*What you are asked to do*. Reproduce the data below in full and to the letter, images excepted.

*Material provided*.
____

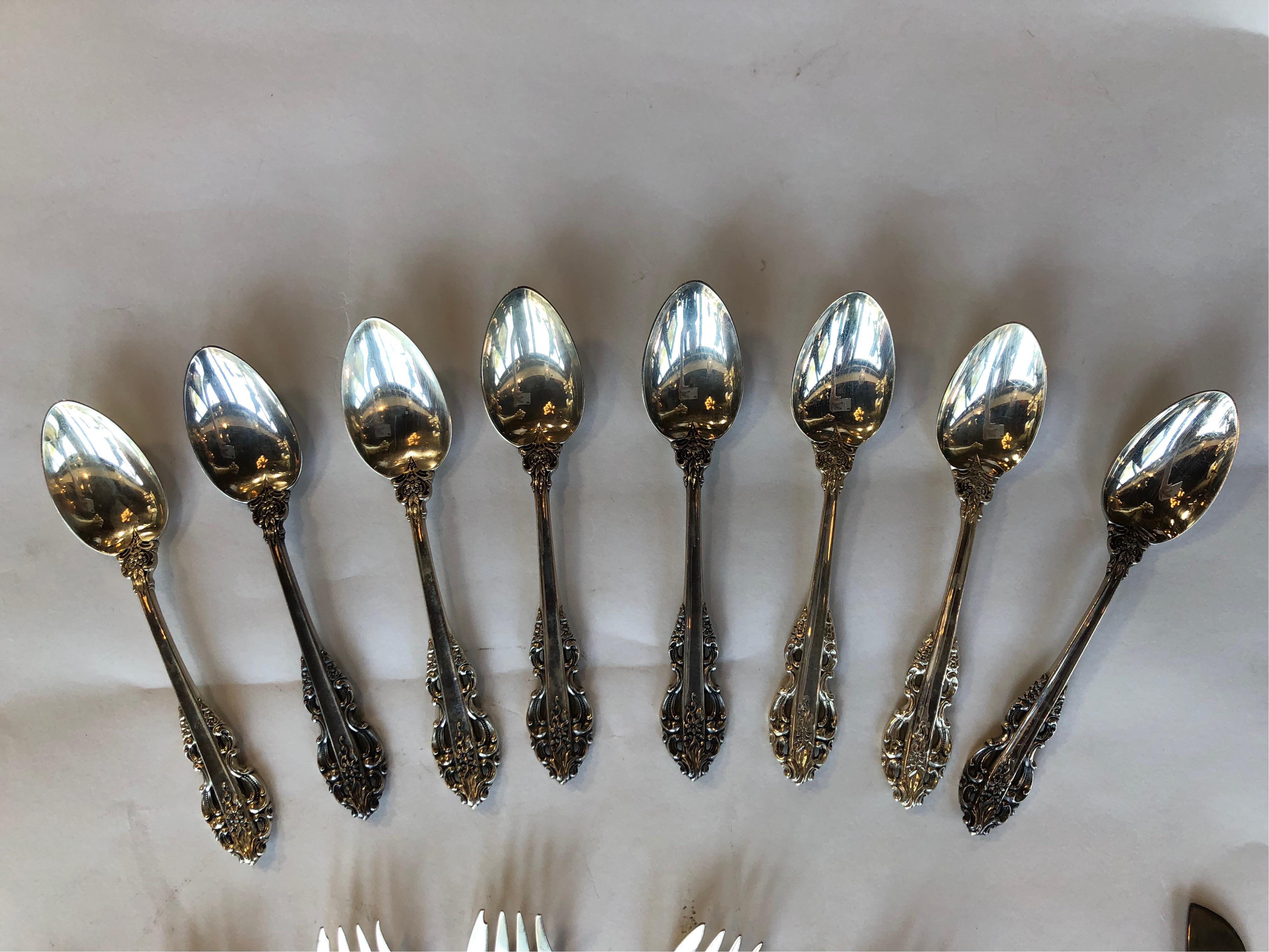 Ensemble de huit vêtements en argent Reed and Barton Bon état - En vente à Los Angeles, CA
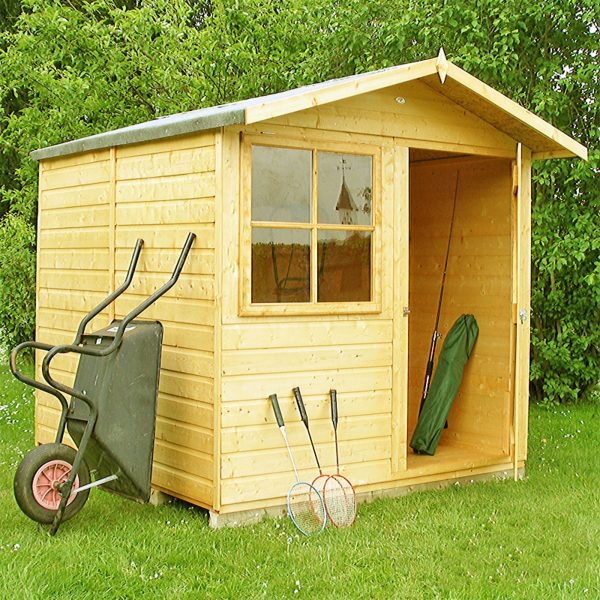 6'9 x 6'6 Shire Abri Apex Wooden Garden Shed (2.05m x 1.98m)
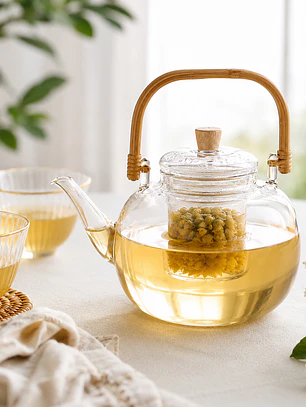 Tetera de Vidrio Borosilicato con Asa de bambú  – 1000ml Diseño Elegante-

____

*Task output*.
 Ensemble de huit vêtements en argent Reed and Barton Bon état - En vente à Los Angeles, CA
 6'9 x 6'6 Shire Abri Apex Wooden Garden Shed (2.05m x 1.98m)
 Tetera de Vidrio Borosilicato con Asa de bambú  – 1000ml Diseño Elegante-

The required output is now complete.